▸ Your instructions
Start at the line with "Pre-owned Bibi Lou" and print every line through the end of the material below. Keep it exact and free of pictures.

▸ Exercise data
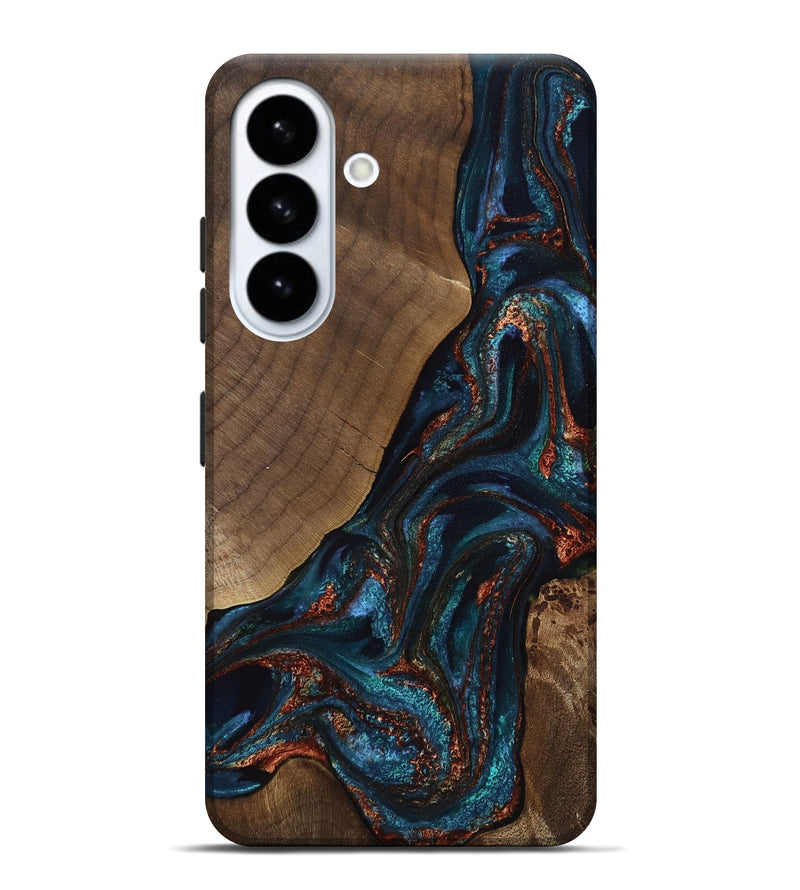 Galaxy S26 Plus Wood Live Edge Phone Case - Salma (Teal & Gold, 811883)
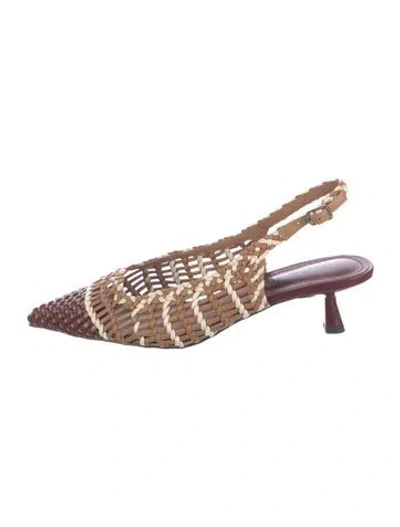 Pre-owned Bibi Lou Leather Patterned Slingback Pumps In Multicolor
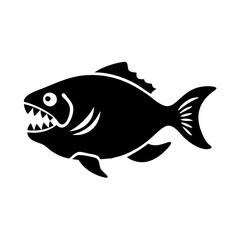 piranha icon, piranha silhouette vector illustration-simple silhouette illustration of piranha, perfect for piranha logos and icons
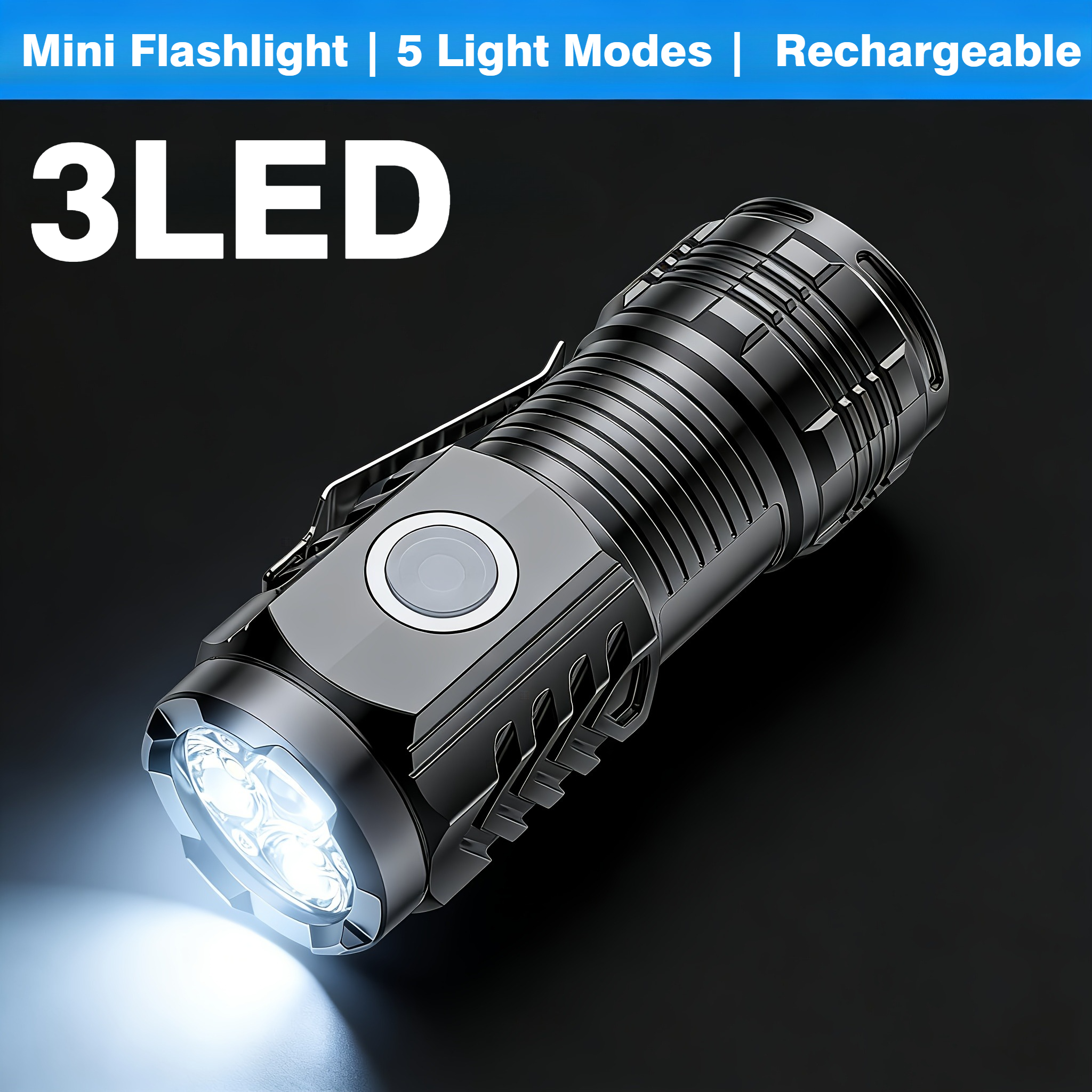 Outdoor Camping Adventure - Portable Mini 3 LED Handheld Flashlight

▸ Problem solution
 Pre-owned Bibi Lou Leather Patterned Slingback Pumps In Multicolor
 piranha icon, piranha silhouette vector illustration-simple silhouette illustration of piranha, perfect for piranha logos and icons
 Outdoor Camping Adventure - Portable Mini 3 LED Handheld Flashlight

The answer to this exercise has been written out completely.